Prevalence is a measure of disease that allows us to determine a person's likelihood of having a disease. Therefore, the number of prevalent cases is the total number of cases of disease existing in a population. A prevalence rate is the total number of cases of a disease existing in a population divided by the total population. So, if a measurement of cancer is taken in a population of 40,000 people and 1,200 were recently diagnosed with cancer and 3,500 are living with cancer, then the prevalence of cancer is 0.118. (or 11,750 per 100,000 persons)
What is morbidity?
Morbidity is another term for illness. A person can have several co-morbidities simultaneously. So, morbidities can range from Alzheimer's disease to cancer to traumatic brain injury. Morbidities are NOT deaths. Prevalence is a measure often used to determine the level of morbidity in a population.
What is mortality?
Mortality is another term for death. A mortality rate is the number of deaths due to a disease divided by the total population. If there are 25 lung cancer deaths in one year in a population of 30,000, then the mortality rate for that population is 83 per 100,000.
Do note that without a real test in great quantities, people are being ASSUMED to have it
some of those wont... others who are assumed NOT to have it, are not counted...
seriously.. ny says they can do 2000 tests a day... so it would take ny 50 days to test all 100,000 original estimates... you think china has a test that we dont? and in higher quantities? doubt it.
Only 8.1% of cases were 20-somethings, 1.2% were teens, and 0.9% were 9 or younger. The World Health Organization mission to China found that 78% of the cases reported as of Feb. 20 were in people ages 30 to 69.

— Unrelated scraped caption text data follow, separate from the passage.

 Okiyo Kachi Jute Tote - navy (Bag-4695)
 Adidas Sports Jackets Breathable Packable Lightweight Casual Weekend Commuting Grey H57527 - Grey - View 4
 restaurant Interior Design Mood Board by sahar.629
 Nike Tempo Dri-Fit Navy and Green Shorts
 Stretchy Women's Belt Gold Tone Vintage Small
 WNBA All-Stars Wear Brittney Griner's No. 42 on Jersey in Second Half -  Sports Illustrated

The death toll skews old even more strongly. Overall, China CDC found, 2.3% of confirmed cases died. But the fatality rate was 14.8% in people 80 or older, likely reflecting the presence of other diseases, a weaker immune system, or simply worse overall health. By contrast, the fatality rate was 1.3% in 50-somethings, 0.4% in 40-somethings, and 0.2% in people 10 to 39.
and
CDC estimates that the burden of illness during the 2018–2019 season included an estimated 35.5 million people getting sick with influenza, 16.5 million people going to a health care provider for their illness, 490,600 hospitalizations, and 34,200 deaths from influenza
Our estimates of hospitalizations and mortality associated with the 2018–2019 influenza season continue to demonstrate how serious influenza virus infection can be. We estimate, overall, there were 490,600 hospitalizations and 34,200 deaths during the 2018–2019 season. More than 46,000 hospitalizations occurred in children (aged <18 years); however, 57% of hospitalizations occurred in older adults aged ≥65 years. Older adults also accounted for 75% of influenza-associated deaths, highlighting that older adults are particularly vulnerable to severe outcomes resulting from an influenza virus infection. An estimated 8,100 deaths occurred among working age adults (aged 18–64 years), an age group that often has low influenza vaccination uptake
this is like being afraid of flying (safest way to travel long distances) vs feeling safer in a car
its not proportional to the actual risk..

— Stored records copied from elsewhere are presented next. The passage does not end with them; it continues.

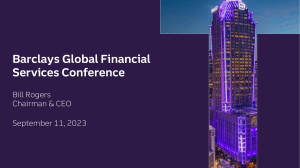 Barclays Global Financial Services Conference 2023
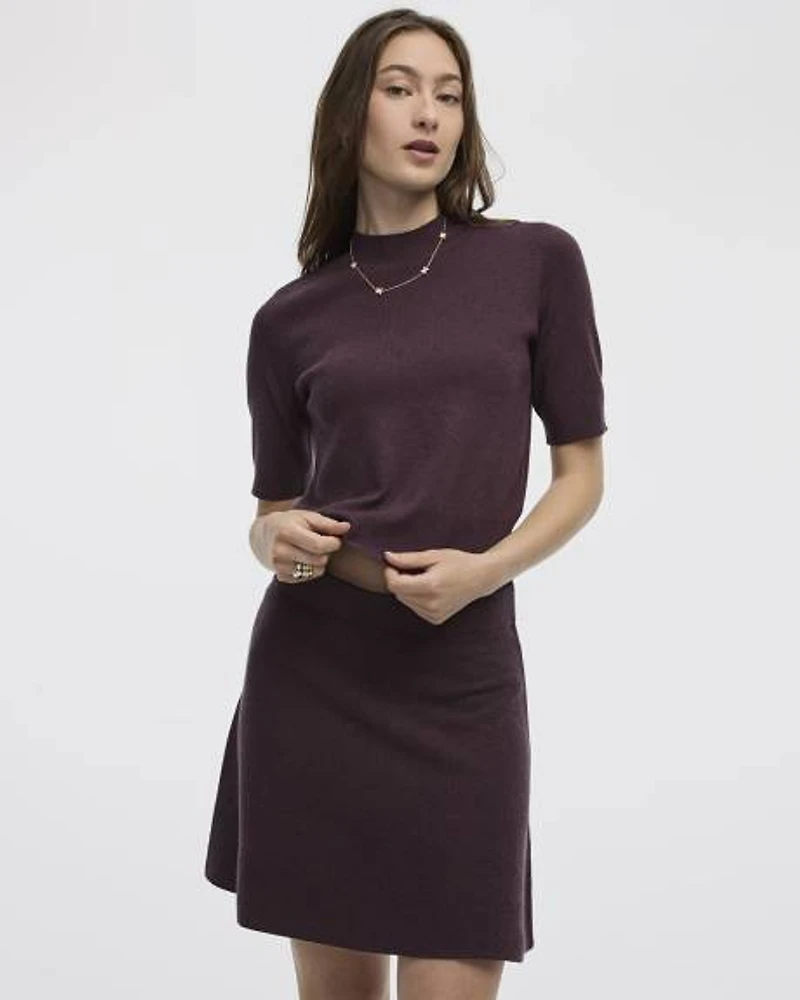 Mini jupe avec taille élastique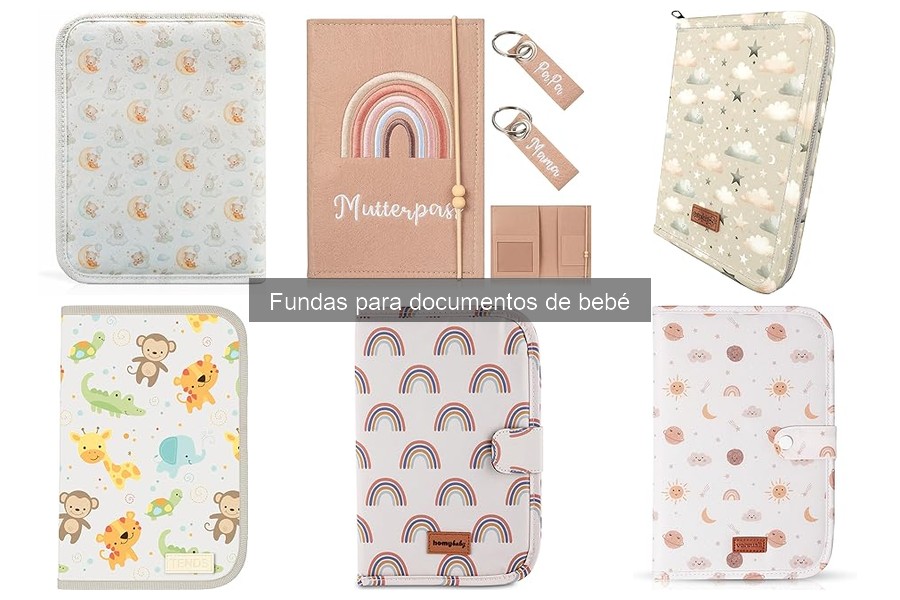 Tipos de fundas para documentos de bebé: Guía completa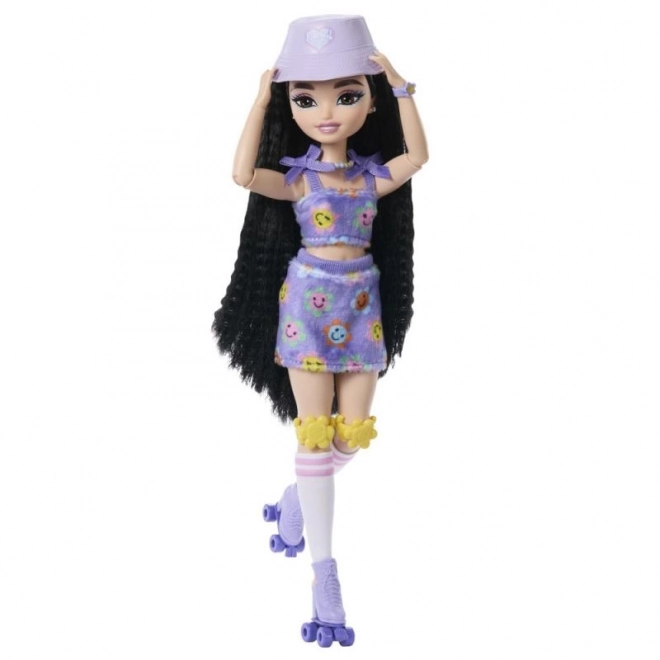 Bambola Barbie Dream Besties Renee sui pattini a rotelle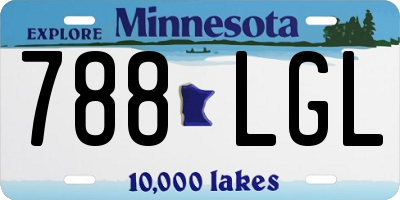 MN license plate 788LGL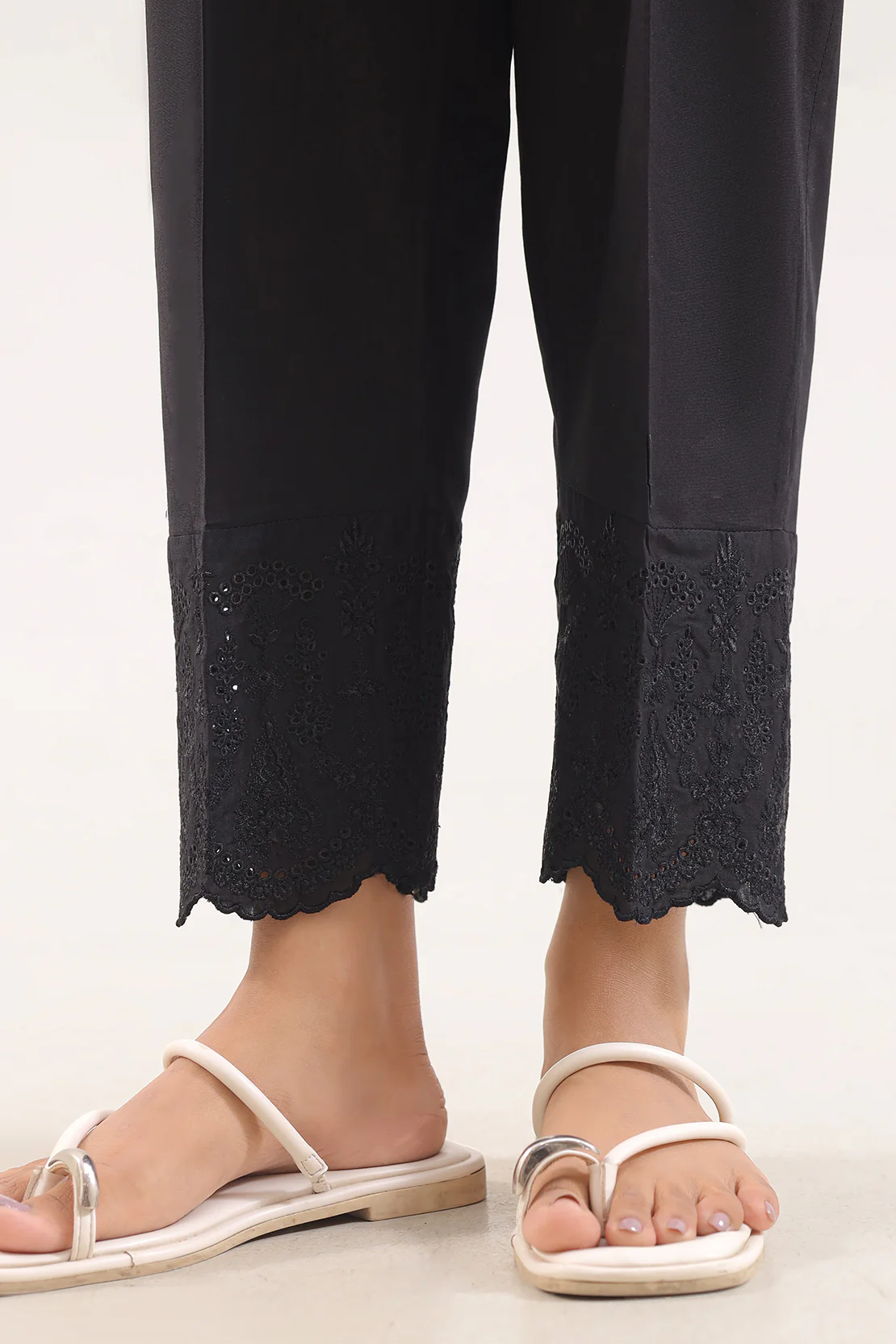Embroidered Cambric Pant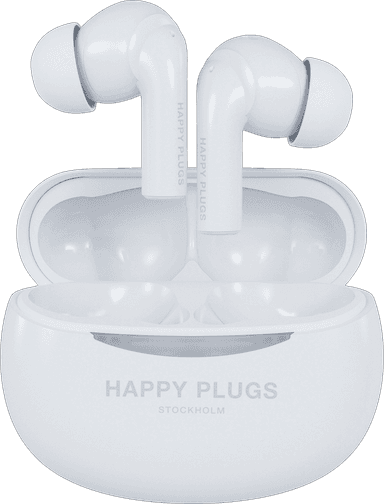 Happy Plugs Joy Pro helt trådløse in-ear høretelefoner (hvid)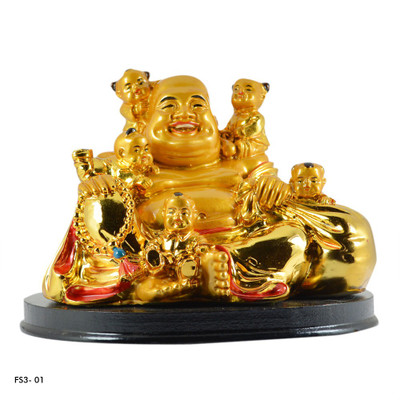 

Reiki Crystal Products Decorative Showpiece - 10.5 cm(Polyresin, Gold)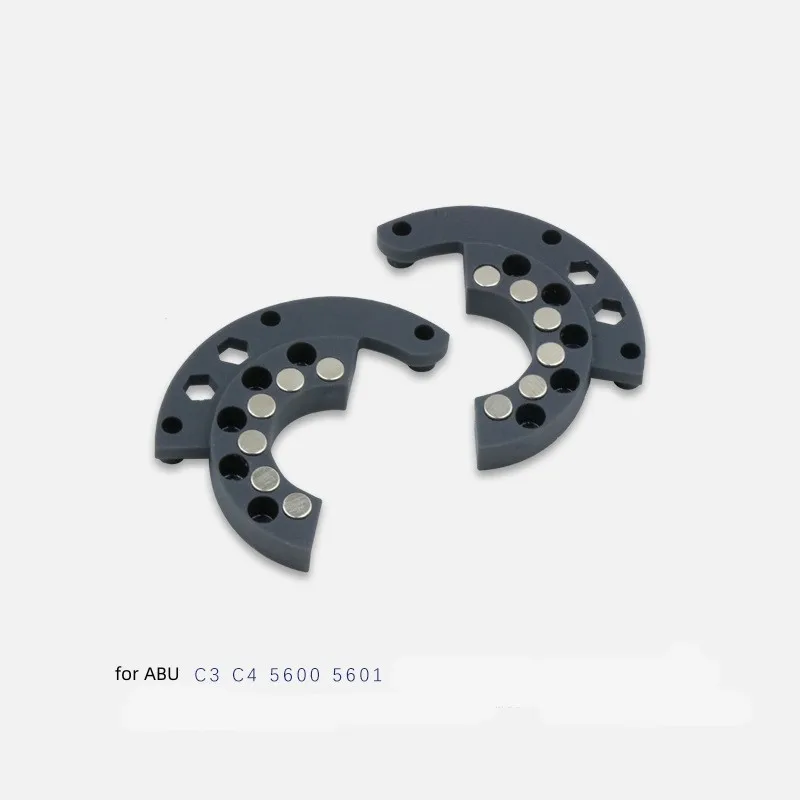 Carrete de tambor de caña de pescar, freno magnético para Abu Garcia C3 C4 5600 5601, pieza de carbono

which is why the news is making everything worse..
really worse... totally out of proportion to the actual risk
in fact... pretty much everything economic is still chugging EXCEPT for things that are fear related run by chicken littles... concerts? gets them press... same with conventions and those things... planes? who wants to run a travel company and get blamed for not acting on fear?
sadly..
until testing gets a lot more numbers and someone comes out and starts saying facts
its not going to get much better
in fact... for anyone that would do that, you have 20 chicken littles waiting to become famous giving their opinion that the sky is falling and we are all going to die.